Every line below between the one holding "all-day-snorkeling-gear-rental-in-puerto-rico" and the one holding "Anatomy of a Lost Sound poster", inclusive, should be copied exactly, and no other line.

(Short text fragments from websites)
_ _ _ _ _ _ _

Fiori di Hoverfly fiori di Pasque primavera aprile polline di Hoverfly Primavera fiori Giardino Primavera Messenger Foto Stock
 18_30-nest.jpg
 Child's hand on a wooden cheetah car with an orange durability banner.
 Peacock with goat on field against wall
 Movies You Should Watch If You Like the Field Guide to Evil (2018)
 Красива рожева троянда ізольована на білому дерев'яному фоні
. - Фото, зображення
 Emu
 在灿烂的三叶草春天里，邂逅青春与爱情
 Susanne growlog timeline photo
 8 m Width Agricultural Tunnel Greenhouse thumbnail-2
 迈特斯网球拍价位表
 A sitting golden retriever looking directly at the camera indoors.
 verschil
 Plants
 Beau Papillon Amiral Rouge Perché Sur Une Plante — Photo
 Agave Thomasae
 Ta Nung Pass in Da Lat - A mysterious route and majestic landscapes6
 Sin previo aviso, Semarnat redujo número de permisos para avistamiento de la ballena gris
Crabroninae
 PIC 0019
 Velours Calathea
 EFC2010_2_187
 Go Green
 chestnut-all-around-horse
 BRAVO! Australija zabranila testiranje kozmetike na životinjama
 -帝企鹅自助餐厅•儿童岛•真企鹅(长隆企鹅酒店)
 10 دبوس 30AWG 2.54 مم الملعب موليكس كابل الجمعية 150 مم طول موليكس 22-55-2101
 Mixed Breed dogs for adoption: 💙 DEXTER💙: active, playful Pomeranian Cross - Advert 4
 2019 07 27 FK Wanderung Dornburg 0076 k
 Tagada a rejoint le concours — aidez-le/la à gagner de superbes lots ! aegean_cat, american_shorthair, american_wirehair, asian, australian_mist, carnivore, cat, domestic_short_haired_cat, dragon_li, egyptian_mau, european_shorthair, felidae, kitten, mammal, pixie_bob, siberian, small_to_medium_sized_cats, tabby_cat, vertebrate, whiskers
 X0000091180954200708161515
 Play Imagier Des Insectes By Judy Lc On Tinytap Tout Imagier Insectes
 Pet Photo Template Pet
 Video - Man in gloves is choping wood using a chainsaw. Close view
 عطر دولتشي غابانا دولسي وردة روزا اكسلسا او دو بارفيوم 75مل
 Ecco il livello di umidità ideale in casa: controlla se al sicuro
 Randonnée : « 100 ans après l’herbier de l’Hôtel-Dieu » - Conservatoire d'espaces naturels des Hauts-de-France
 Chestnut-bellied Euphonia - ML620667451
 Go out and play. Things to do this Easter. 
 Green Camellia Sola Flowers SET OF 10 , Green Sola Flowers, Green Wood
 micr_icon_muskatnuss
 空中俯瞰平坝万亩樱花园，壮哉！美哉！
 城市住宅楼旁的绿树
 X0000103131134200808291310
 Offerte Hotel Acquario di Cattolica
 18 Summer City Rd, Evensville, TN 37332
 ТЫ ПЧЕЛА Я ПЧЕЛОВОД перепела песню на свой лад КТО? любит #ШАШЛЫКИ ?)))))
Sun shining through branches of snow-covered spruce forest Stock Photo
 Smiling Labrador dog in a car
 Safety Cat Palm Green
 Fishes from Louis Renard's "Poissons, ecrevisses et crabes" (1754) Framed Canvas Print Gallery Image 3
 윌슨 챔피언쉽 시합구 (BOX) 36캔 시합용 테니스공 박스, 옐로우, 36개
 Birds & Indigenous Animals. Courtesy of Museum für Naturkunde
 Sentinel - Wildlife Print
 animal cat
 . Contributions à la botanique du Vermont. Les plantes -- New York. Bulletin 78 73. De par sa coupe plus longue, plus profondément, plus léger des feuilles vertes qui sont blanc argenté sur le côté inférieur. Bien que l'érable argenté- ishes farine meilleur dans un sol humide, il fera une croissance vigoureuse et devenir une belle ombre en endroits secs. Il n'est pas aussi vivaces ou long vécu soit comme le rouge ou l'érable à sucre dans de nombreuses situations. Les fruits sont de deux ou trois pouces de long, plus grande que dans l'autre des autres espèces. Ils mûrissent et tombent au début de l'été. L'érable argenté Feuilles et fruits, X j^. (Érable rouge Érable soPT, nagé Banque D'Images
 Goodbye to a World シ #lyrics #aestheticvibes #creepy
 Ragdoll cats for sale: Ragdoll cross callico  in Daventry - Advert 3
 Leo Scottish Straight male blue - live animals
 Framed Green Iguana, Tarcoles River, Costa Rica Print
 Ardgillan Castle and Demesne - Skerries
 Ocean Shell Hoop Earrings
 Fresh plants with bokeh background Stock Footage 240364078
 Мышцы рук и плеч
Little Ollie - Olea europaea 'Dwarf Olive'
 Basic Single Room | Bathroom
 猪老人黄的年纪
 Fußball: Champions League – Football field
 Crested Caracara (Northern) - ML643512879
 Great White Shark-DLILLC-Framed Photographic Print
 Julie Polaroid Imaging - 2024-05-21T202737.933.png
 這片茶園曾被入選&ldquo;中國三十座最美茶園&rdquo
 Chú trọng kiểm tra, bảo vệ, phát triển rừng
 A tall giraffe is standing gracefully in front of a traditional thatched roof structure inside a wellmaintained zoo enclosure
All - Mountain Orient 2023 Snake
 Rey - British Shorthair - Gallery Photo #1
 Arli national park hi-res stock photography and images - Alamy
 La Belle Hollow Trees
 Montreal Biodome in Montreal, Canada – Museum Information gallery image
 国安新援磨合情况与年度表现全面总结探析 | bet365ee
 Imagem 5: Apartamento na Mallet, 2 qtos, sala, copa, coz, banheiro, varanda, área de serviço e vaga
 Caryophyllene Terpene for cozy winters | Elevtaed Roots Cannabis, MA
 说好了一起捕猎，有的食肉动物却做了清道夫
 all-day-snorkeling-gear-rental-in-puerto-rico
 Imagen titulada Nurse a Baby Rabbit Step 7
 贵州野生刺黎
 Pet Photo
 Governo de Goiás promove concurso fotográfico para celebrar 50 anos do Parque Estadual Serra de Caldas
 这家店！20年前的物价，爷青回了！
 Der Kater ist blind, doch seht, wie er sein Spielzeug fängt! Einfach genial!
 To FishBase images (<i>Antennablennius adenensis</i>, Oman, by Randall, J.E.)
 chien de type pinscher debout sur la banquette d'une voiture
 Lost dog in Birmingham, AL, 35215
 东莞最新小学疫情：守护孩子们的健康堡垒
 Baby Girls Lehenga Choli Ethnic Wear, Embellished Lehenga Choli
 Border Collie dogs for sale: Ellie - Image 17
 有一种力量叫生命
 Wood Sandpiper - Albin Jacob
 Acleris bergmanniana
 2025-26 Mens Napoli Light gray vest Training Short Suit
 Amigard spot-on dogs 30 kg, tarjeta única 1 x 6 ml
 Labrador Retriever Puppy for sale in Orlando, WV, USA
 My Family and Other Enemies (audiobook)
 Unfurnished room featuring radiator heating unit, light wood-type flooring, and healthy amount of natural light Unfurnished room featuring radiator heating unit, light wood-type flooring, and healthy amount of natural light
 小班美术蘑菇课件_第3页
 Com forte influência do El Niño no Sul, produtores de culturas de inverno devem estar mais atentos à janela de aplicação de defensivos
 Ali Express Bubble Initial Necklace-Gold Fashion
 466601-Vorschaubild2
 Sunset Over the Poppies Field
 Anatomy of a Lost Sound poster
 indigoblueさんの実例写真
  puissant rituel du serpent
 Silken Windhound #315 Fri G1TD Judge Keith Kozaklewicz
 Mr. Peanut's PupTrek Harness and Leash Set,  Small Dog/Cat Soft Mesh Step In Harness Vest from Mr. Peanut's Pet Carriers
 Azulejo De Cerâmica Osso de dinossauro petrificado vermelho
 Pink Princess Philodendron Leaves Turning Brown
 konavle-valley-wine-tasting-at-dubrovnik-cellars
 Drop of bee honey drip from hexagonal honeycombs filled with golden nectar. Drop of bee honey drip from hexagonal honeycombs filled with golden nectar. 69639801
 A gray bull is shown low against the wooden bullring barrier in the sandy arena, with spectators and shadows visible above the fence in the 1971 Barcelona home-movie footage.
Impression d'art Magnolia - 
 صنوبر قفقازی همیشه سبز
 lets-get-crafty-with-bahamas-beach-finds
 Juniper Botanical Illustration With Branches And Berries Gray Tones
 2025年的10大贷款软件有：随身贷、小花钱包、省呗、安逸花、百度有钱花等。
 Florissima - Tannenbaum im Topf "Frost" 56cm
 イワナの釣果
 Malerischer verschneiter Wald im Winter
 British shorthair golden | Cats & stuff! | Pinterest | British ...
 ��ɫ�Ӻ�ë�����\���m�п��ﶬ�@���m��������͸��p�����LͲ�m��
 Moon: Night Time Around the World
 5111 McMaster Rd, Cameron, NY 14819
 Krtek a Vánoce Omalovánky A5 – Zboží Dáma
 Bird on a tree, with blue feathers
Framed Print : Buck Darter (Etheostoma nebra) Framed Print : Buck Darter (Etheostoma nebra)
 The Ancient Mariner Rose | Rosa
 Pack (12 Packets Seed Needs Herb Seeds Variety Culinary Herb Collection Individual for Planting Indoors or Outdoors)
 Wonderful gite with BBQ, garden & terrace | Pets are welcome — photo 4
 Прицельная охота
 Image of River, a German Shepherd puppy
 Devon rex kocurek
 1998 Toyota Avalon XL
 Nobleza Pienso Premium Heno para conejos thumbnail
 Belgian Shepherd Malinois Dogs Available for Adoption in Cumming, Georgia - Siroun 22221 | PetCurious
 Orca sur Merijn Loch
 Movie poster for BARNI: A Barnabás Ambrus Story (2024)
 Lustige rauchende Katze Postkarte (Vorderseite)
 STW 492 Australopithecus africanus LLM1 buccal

_ _ _ _ _ _ _

→ RESPONSE TO THE TASK:
 all-day-snorkeling-gear-rental-in-puerto-rico
 Imagen titulada Nurse a Baby Rabbit Step 7
 贵州野生刺黎
 Pet Photo
 Governo de Goiás promove concurso fotográfico para celebrar 50 anos do Parque Estadual Serra de Caldas
 这家店！20年前的物价，爷青回了！
 Der Kater ist blind, doch seht, wie er sein Spielzeug fängt! Einfach genial!
 To FishBase images (<i>Antennablennius adenensis</i>, Oman, by Randall, J.E.)
 chien de type pinscher debout sur la banquette d'une voiture
 Lost dog in Birmingham, AL, 35215
 东莞最新小学疫情：守护孩子们的健康堡垒
 Baby Girls Lehenga Choli Ethnic Wear, Embellished Lehenga Choli
 Border Collie dogs for sale: Ellie - Image 17
 有一种力量叫生命
 Wood Sandpiper - Albin Jacob
 Acleris bergmanniana
 2025-26 Mens Napoli Light gray vest Training Short Suit
 Amigard spot-on dogs 30 kg, tarjeta única 1 x 6 ml
 Labrador Retriever Puppy for sale in Orlando, WV, USA
 My Family and Other Enemies (audiobook)
 Unfurnished room featuring radiator heating unit, light wood-type flooring, and healthy amount of natural light Unfurnished room featuring radiator heating unit, light wood-type flooring, and healthy amount of natural light
 小班美术蘑菇课件_第3页
 Com forte influência do El Niño no Sul, produtores de culturas de inverno devem estar mais atentos à janela de aplicação de defensivos
 Ali Express Bubble Initial Necklace-Gold Fashion
 466601-Vorschaubild2
 Sunset Over the Poppies Field
 Anatomy of a Lost Sound poster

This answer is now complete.